Chile was struck by an 8.8-magnitude earthquake early Saturday morning, killing more than 700 people and displacing more than 2 million residents. The earthquake’s epicenter was southwest of Santiago, Chile’s capital, but the initial earthquake and its aftershocks still caused significant damage.

Santiago fared better than Concepción, another major city located farther south, but the earthquake was powerful enough to leave many people without power, gas or water and to close one of the city’s major bridges and its only airport.
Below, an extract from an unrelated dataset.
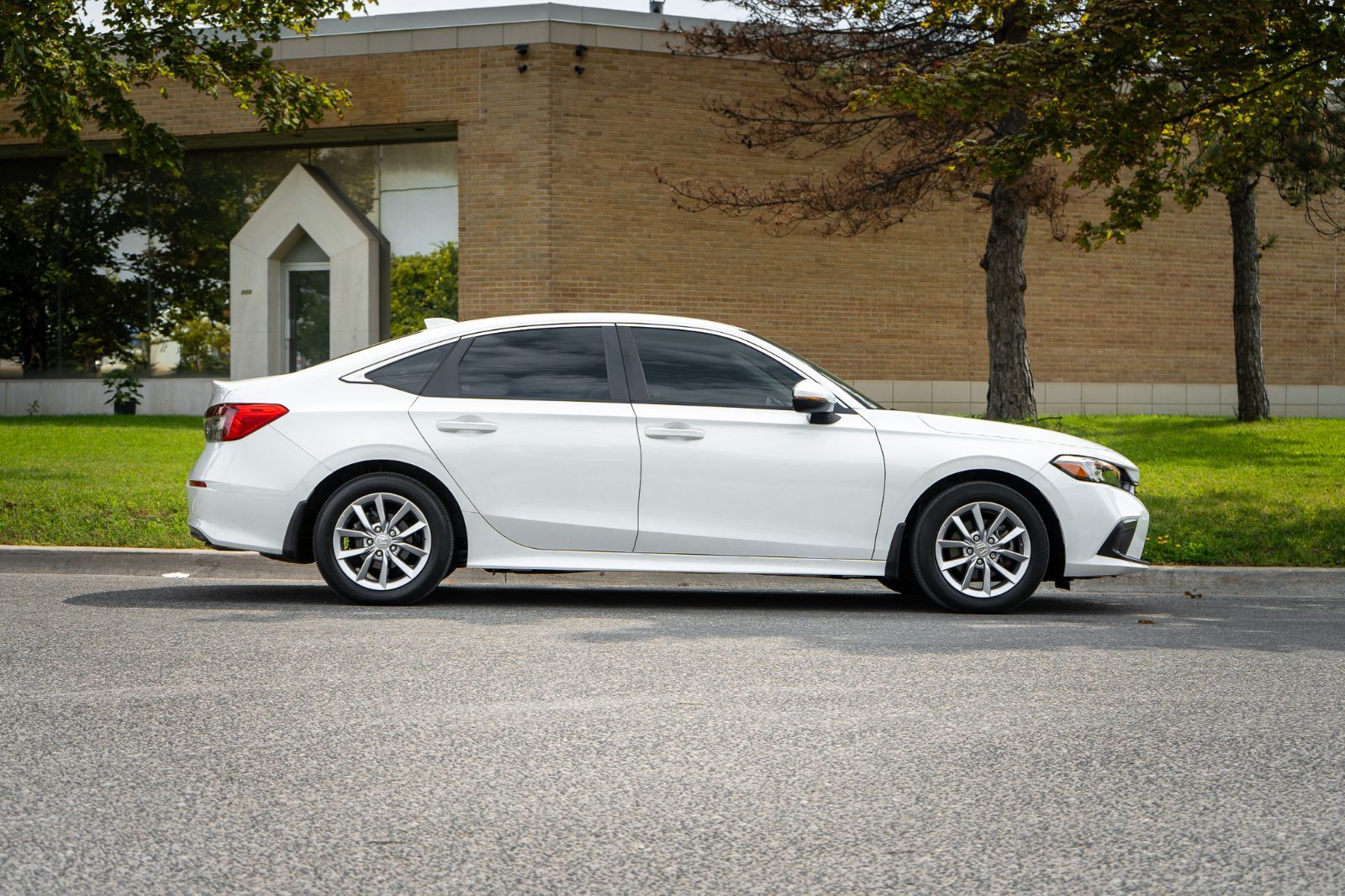 2022 Honda Civic Sedan EX-3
A group of Marshall freshmen was slated to visit Santiago over spring break as part of the school’s Learning about International Commerce Program (LINC). Students in the program take a two-unit class focused on a specific country’s culture and businesses and then visit that country in March or May.

Though most experts believe Santiago will recover quickly, Marshall administrators felt they needed to make a quick decision and, because they can’t be sure the country and its business will be stable in time for spring break, they chose to call off the trip.

“The challenge we have at the moment is that the trip was scheduled to leave a week from Saturday, so we don’t have a long window of time to watch how the situation in Santiago changes,” said Kim West, the associate dean for undergraduate programs at Marshall. “If we were not leaving for four weeks or six weeks, we could take the time to see what the next week or two brings. Unfortunately, we don’t have that time.”

A similar situation arose last year, West said, when terrorist attacks in Mumbai, India precluded travel to the country. In that case, the students were taken instead to Dublin, Ireland.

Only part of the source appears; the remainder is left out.